Shortly after the 9/11 attacks, many journalists including this one were briefed by U.S. Customs officials on Operation Green Quest, an effort to roll up terrorist financiers by monitoring, among other things, "suspicious" bank transfers and ancient money lending programs favored by people of Middle Eastern descent.
I interviewed Marcy Forman, director of Green Quest, at her Washington offices in December 2001, when I was a writer for Government Executive magazine. Our meeting was sanctioned by Customs' public affairs office, and came at a time when the White House was eager to talk about all the work federal agencies were doing to hunt down terrorists. Forman told me the kinds of people, transactions, even locations that the government was targeting. (These are details, it should be noted, that the recent Times piece did not reveal.) Among the potentially sensitive items Forman told me, which were published:

Operation Green Quest is focusing on the informal, largely paperless form of money exchange known as hawala, which is Arabic for to change.
Few undercover agents can penetrate Middle Eastern communities and money laundering rings because they look like outsiders and don't speak the language.
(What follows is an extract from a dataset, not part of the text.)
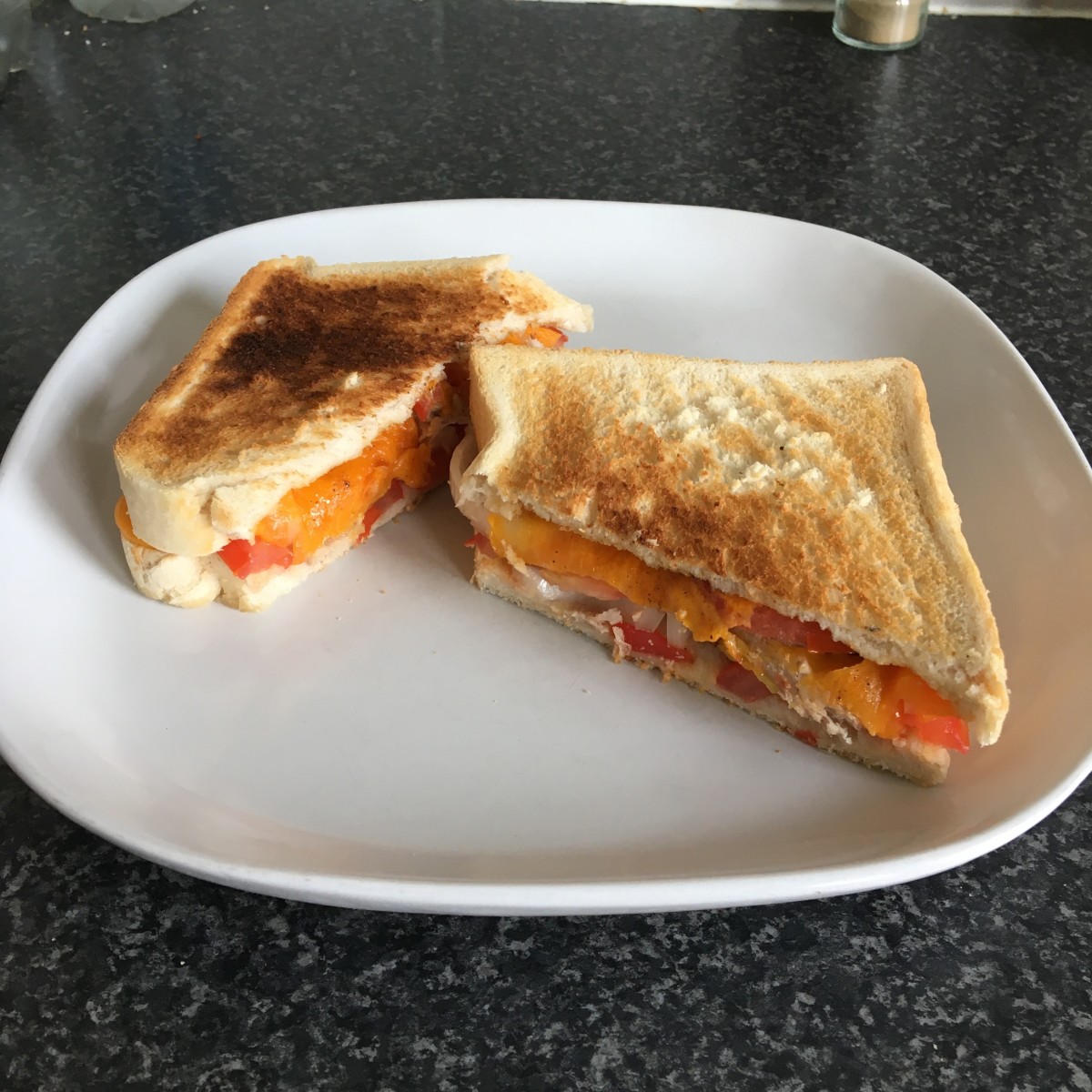 Pheasant, cheese, tomato and onion toastie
As a result, Green Quest has to be more clever, by setting traps on the Internet and working to flush currency traffickers out of their hiding places.
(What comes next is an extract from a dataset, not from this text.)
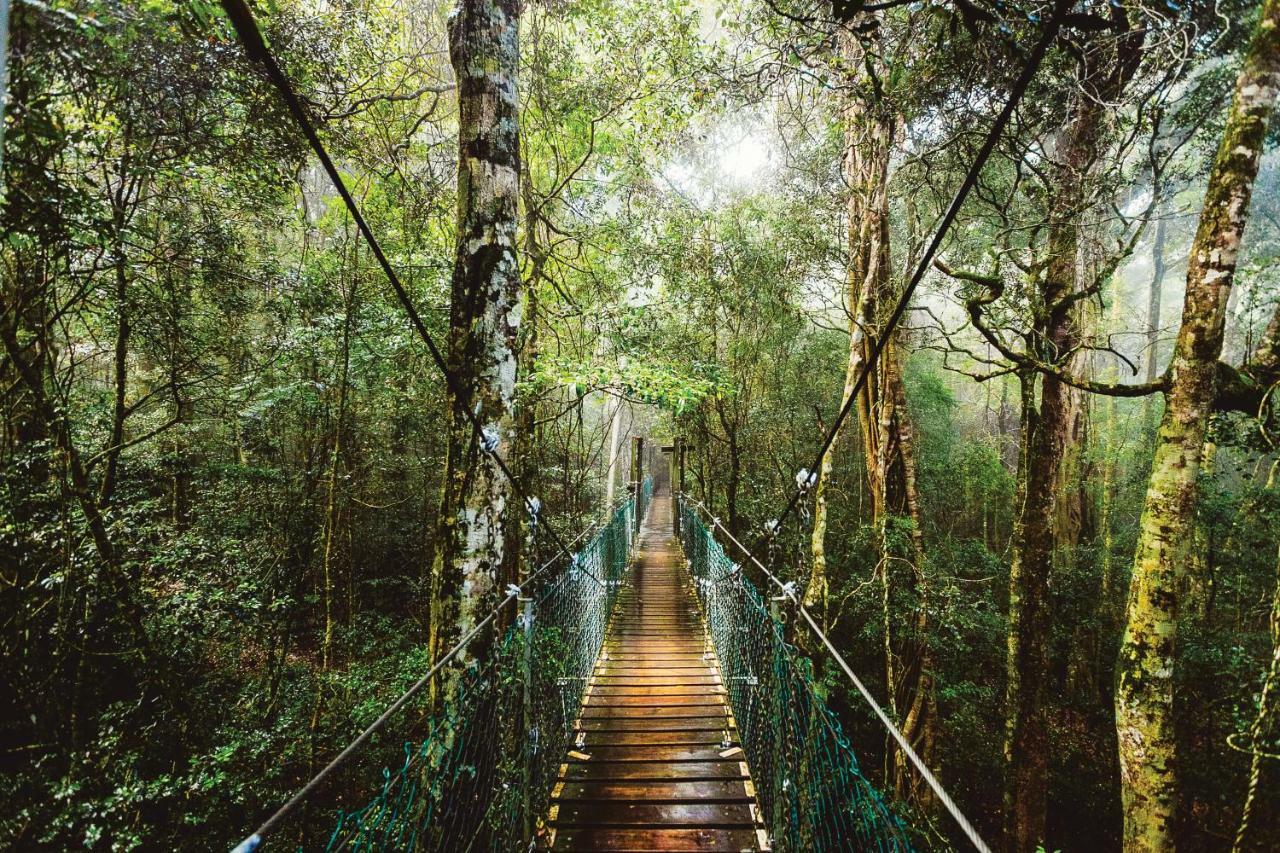 O'Reilly'S Rainforest Retreat Canungra Exterior foto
Treasury and FBI investigators have identified hawala as a means by which the alleged Sept. 11 terrorists may have received money from overseas.
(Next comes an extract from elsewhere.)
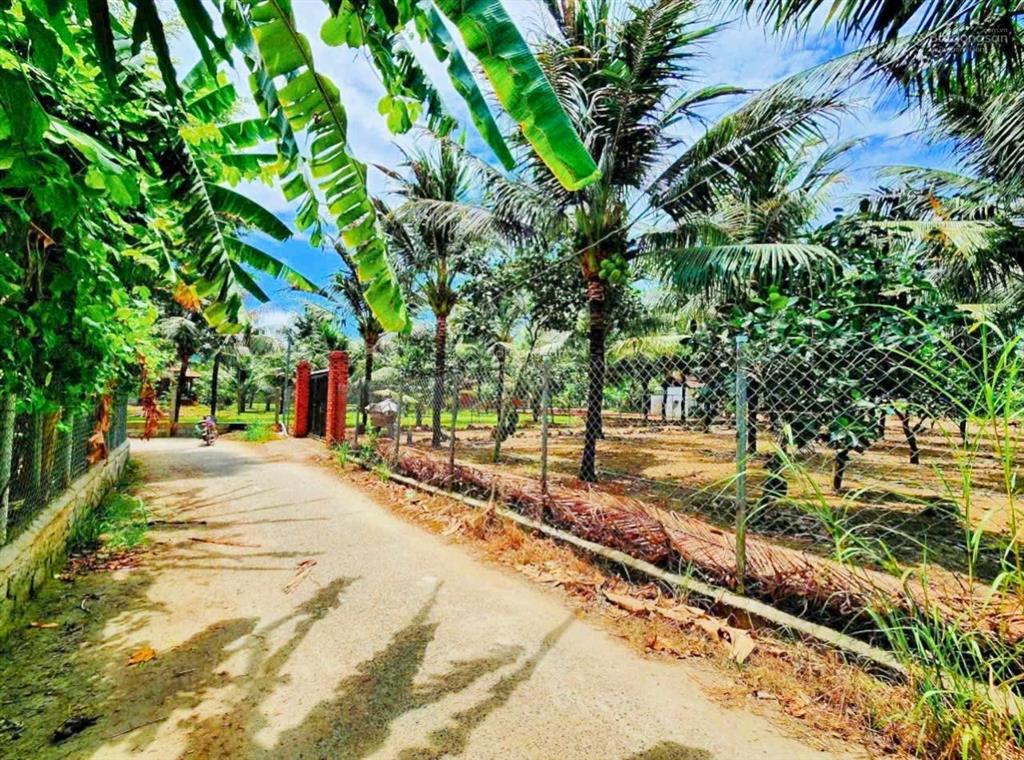 [ đất dân đắc lộc  xung quanh trồng dừa xum xuê ] * cách ql1a 900m.  giá 999 triệu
Green Quest investigators, who've spent their careers dismantling money laundering rackets, were blindsided by the existence of the system. Most of us couldn't spell hawala before Sept. 11, Forman said.
The agencies' [involved in Green Quest] cooperative efforts have recently culminated in raids of alleged money laundering operations that aid suspected terrorist networks.
Green Quest also wants to lower the threshold at which bank deposits and electronic funds transfers must be documented. Dropping the ceiling from $10,000 to $750, Forman said, may force money traffickers to try to get their cash out of the country by hand. They would then be subject to capture by a beefed-up cadre of Customs Service officers at border crossings, airports and seaports.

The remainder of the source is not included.